収容所に収容させられた日本人捕虜を演じた皆さんの演技も素晴らしかったです。
終盤の四人から伝えられる遺書の場面は、人によっては号泣するのではないでしょうか。
私は涙もろい方ではありませんので泣くことはありませんでしたが、それでも胸が熱くなりました。
とは言え、気になる点もいくつかありました。
冒頭の山本が家族と離れ離れになるシーン、あの別れ方はちょっとどうかと思います。
あの状況なら家族みんなで肩で支えるとかして、どうにか一緒に連れ出して逃げることが出来たのではないでしょうか。
あっさりとその場を立ち去った家族の描写には違和感がありました。
収容所に抑留されてから、松坂桃李さん演じる松田という兵隊の語りで話が進められるのも違和感。
物語は山本中心なのに、語りは脇役の兵隊というちぐはぐさは後半までずっと気になりました。
日本へ帰国する船を犬が追いかけてくるシーンも実話を元に描いていた物語が急に嘘っぽく感じられて残念。
あの犬が帰国後どうなったかも一切描かれていないのも気にかかりました。
夫の死を知った北川景子さん演じるモジミが、家の庭で号泣するシーンも韓国人のような大げさな泣き方で違和感。
あそこは日本人らしくしめじめと泣いた方が心にしみたのではないでしょうか。
そして最も気になったのはラストの唐突に切り替わる2022年の場面。
寺尾聰さん演じる主人公の息子が結婚式で父の事をスピーチする場面は、どう考えても蛇足だと思いました。

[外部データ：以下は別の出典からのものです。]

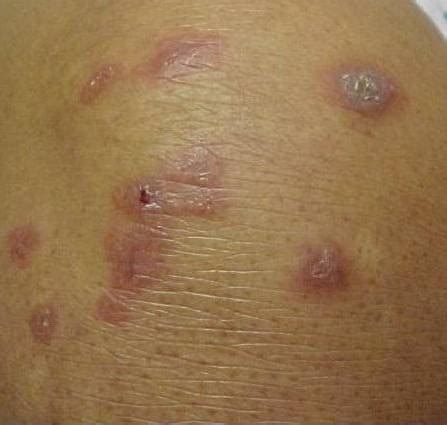 Sarcoidosis (cutaneous sarcoidosis)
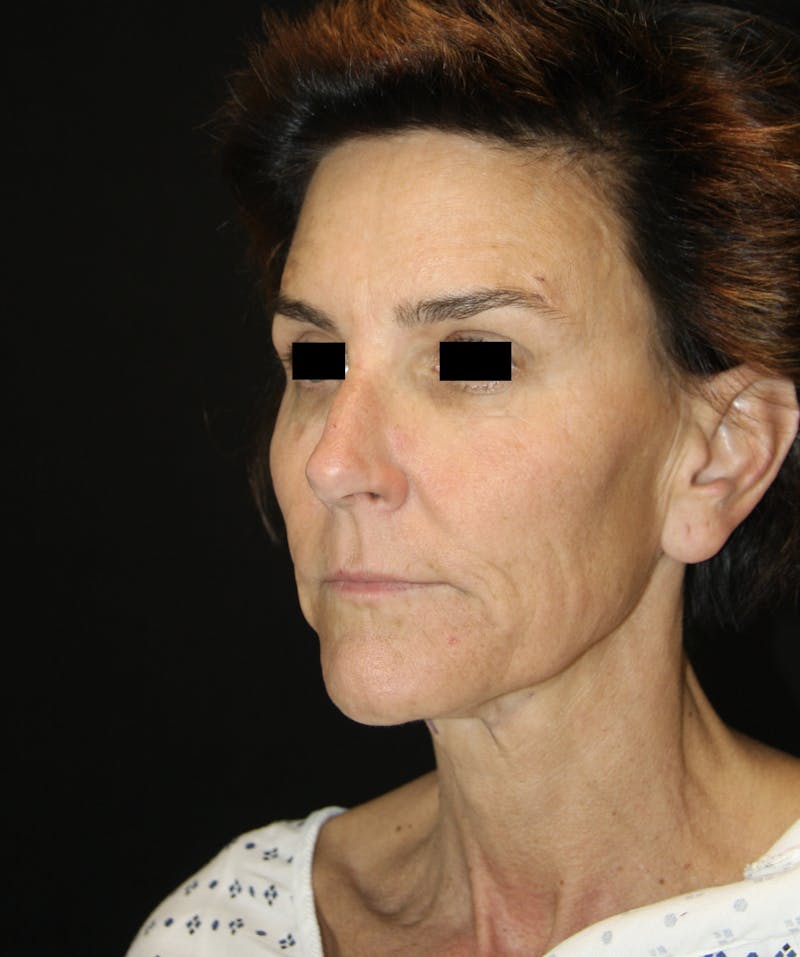 Facelift & Neck Lift Before & After Gallery - Patient 173336136 - Image 1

あそこで語られる事は、映画を観ていた観客にはすでに心に刻まれていることであり、それをわざわざ言葉で描く必要などなかったのではないでしょうか。
2022年の場面が無く、最後の遺書が伝えられたところで映画が終了した方が、エンドロールで余韻に浸れたと思います。
いくつか気になる点はあるものの、いい映画だったと思います。
観て良かったと思える作品でした。